De trek was vroeg, de trek is laat. Kolganzen en kruisbekken kwamen in oktober al aan vanuit hun zomerverblijven op toendra en in de taiga. Daarna bleef het rustig. Er passeerden zanglijsters, vinken en graspiepers, de zwaluwen trokken weg, maar er waren geen uitschieters, geen plotselinge reuzenzwermen.

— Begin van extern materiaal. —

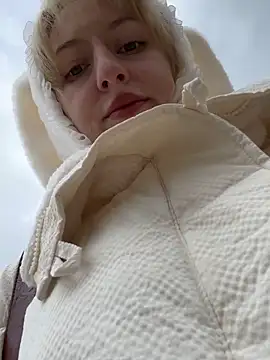 RonnieKiss online show from October 3, 2025, 3:58 am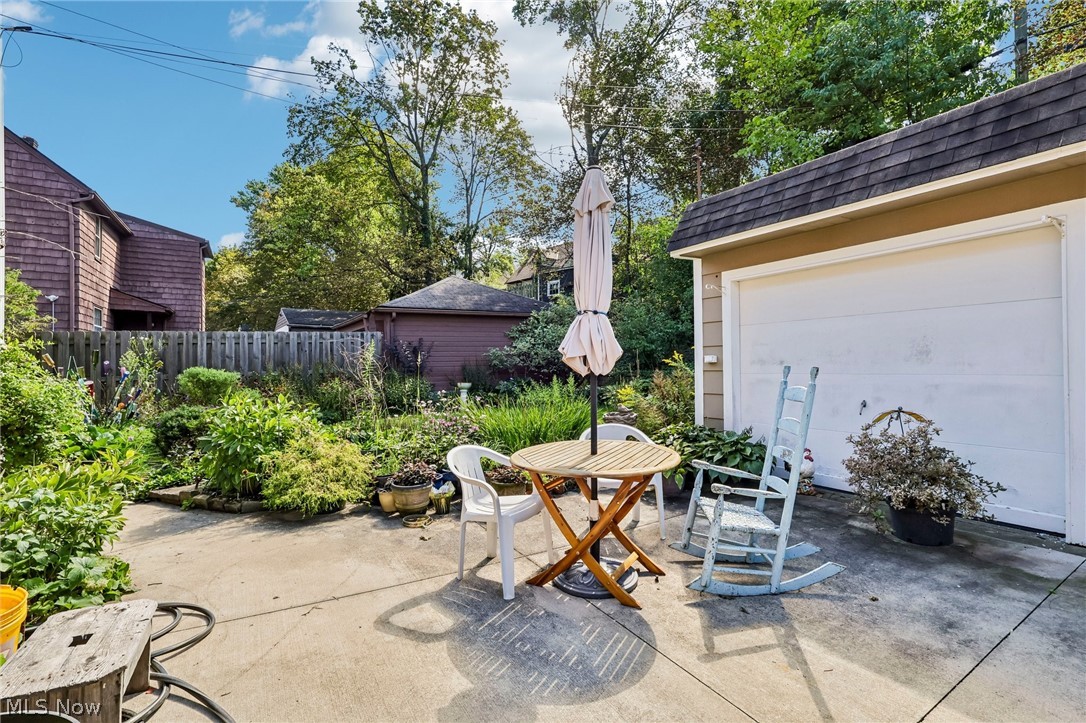 3392 Meadowbrook Boulevard Cleveland Heights OH 44118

Maar de eerste nachtvorst is er niet, of kramsvogels en koperwieken vallen massaal ons land binnen. Zondag was ik bij Vroege Vogels, die zichzelf opnemen in gasterij Stadszicht, dat niet op een stad uitziet, maar op zompige velden en de bosrand rond het Naardermeer. Hoe luisterrijk het programma ook was, het oog wou ook wat. Er fladderden twee kleine vossen door de gasterij, maar buiten was het meeste te zien. Bloeiende bloemen in de moestuin. Een blauwe reiger die onophoudelijk een grote zilverreiger verjoeg. De zilverreiger nam toevalligerwijs telkens precies plaats op de plek waar de blauwe een optie op had. Twee uur lang geruzie, het leek mij pure energieverspilling. Zinloos reigergeweld. Een familie knobbelzwaan-kleef-aan wiebelde de sloot uit en als de grauwe ganzen opvlogen, zag je pas hoeveel het er waren. Heel veel.
Maar niet zoveel als de tjak-tjak-tjak-tjak-kramsvogels. Deze vrij bont uitgedoste, forse lijsterachtigen kwamen aanzeilen om in een kale, uit het moerasbos stekende boomkruin neer te strijken. Er pasten verrassend veel kramsvogels in die kruin, maar uiteindelijk zat ie vol en werden aangrenzende B-lokaties als landingsplaats gebruikt. Er bleven maar kramsvogels arriveren. Misschien kwamen ze uit de weilanden of bosjes verderop, misschien kwamen ze ook wel direct uit Zweden.
Hoe dan ook: de vogeltrek is nog in volle gang. Zondag werden bij Den Oever 3664 langsvliegende pijlstaarteenden geteld. Nooit eerder zijn er zoveel op één dag gezien.